# [Exercise instructions]
Give back every entry exactly; drop the pictures.

▼

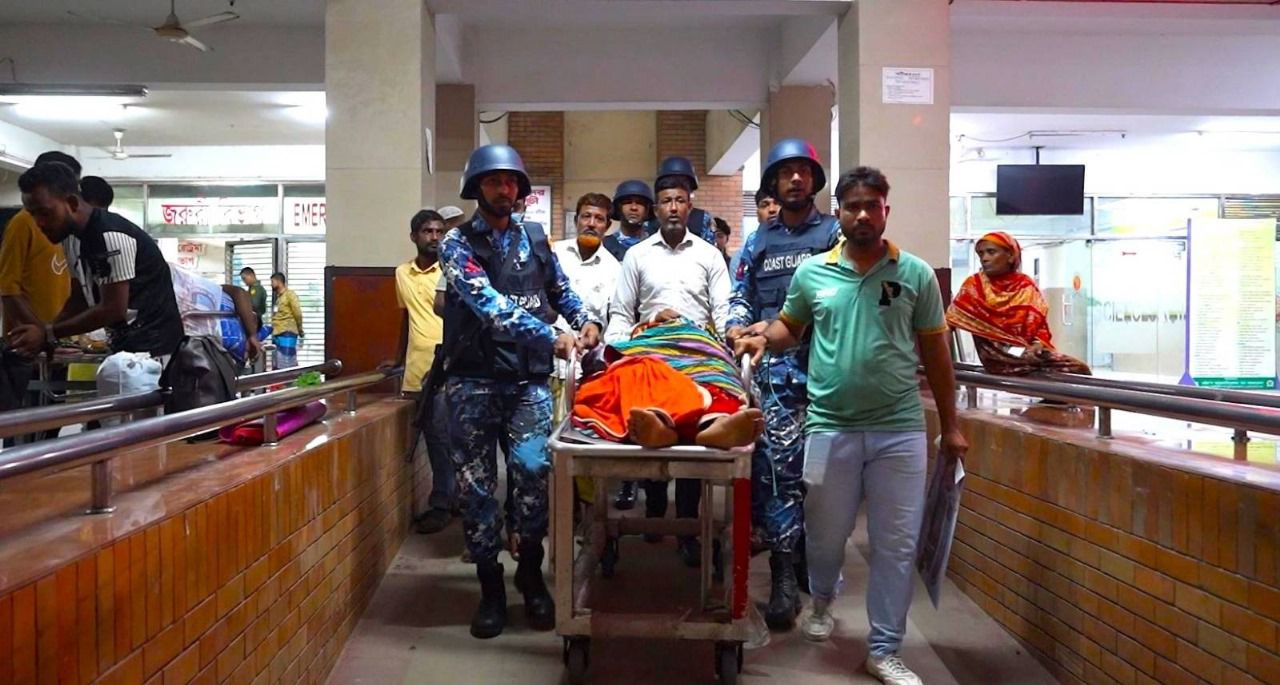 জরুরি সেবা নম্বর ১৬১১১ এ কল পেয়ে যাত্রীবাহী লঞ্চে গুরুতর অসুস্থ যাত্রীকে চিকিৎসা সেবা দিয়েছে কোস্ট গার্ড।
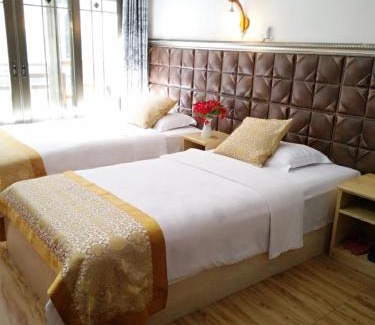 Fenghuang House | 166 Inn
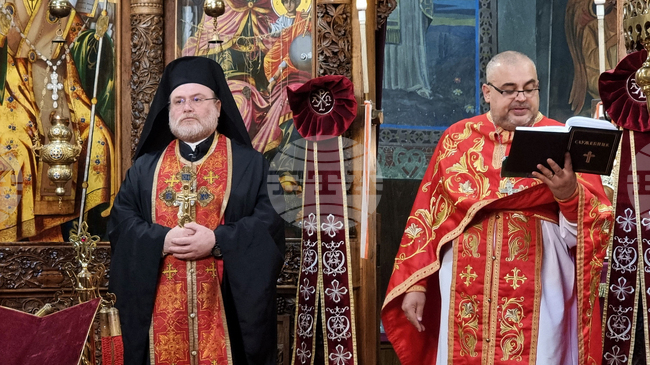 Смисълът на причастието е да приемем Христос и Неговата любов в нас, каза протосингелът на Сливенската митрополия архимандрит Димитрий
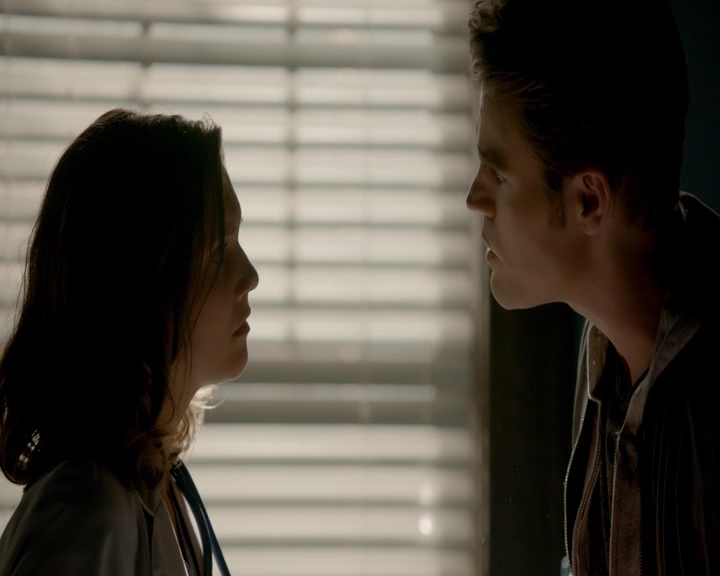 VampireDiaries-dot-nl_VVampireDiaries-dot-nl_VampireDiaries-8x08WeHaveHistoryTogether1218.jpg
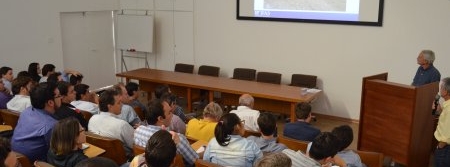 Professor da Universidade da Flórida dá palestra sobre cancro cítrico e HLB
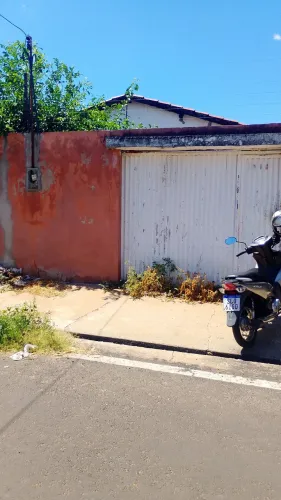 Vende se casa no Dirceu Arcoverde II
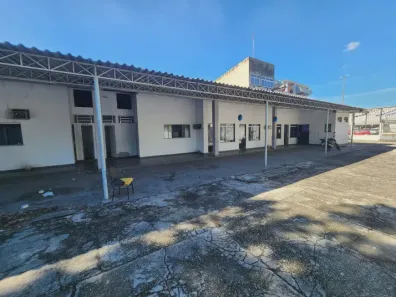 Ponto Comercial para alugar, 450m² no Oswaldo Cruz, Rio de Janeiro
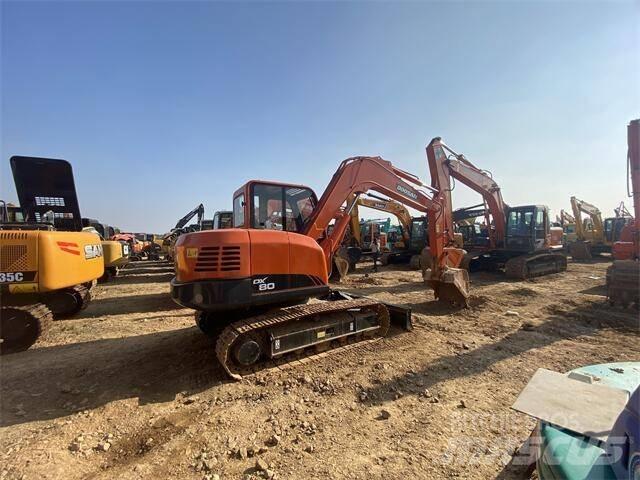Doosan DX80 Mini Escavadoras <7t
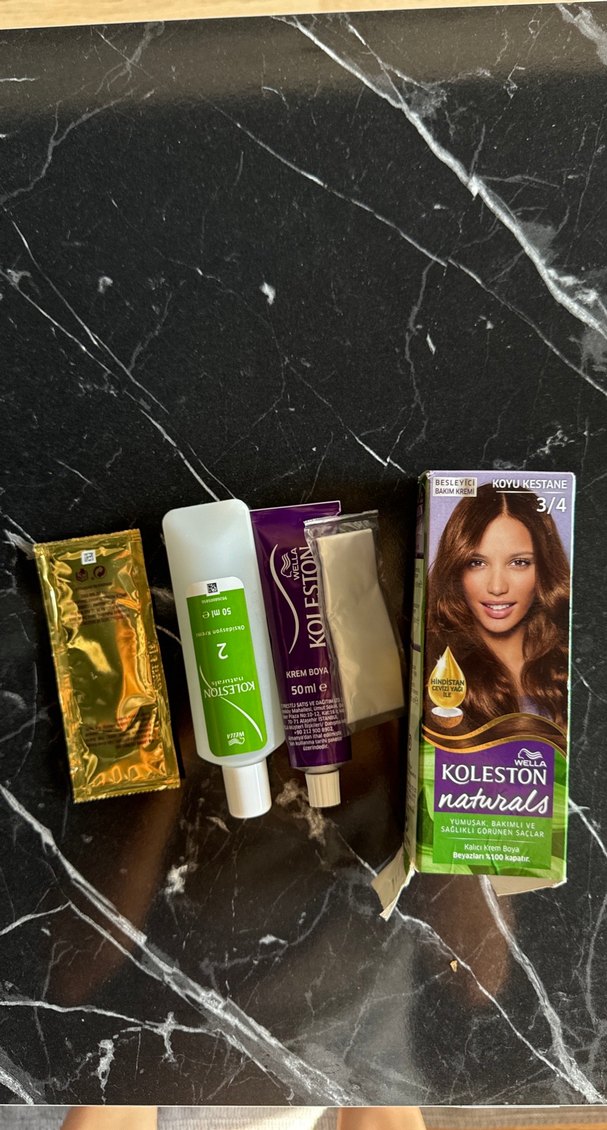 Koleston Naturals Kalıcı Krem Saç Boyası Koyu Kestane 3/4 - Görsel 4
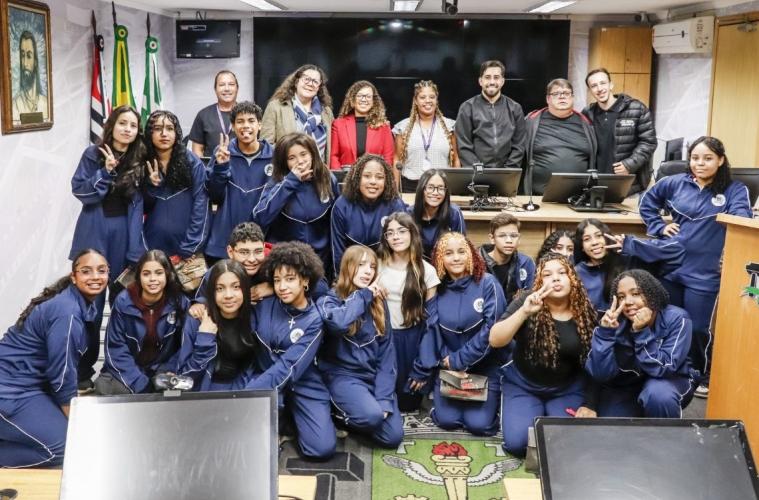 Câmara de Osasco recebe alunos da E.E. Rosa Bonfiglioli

▲

# [Result below]
 জরুরি সেবা নম্বর ১৬১১১ এ কল পেয়ে যাত্রীবাহী লঞ্চে গুরুতর অসুস্থ যাত্রীকে চিকিৎসা সেবা দিয়েছে কোস্ট গার্ড।
 Fenghuang House | 166 Inn
 Смисълът на причастието е да приемем Христос и Неговата любов в нас, каза протосингелът на Сливенската митрополия архимандрит Димитрий
 VampireDiaries-dot-nl_VVampireDiaries-dot-nl_VampireDiaries-8x08WeHaveHistoryTogether1218.jpg
 Professor da Universidade da Flórida dá palestra sobre cancro cítrico e HLB
 Vende se casa no Dirceu Arcoverde II
 Ponto Comercial para alugar, 450m² no Oswaldo Cruz, Rio de Janeiro
Doosan DX80 Mini Escavadoras <7t
 Koleston Naturals Kalıcı Krem Saç Boyası Koyu Kestane 3/4 - Görsel 4
 Câmara de Osasco recebe alunos da E.E. Rosa Bonfiglioli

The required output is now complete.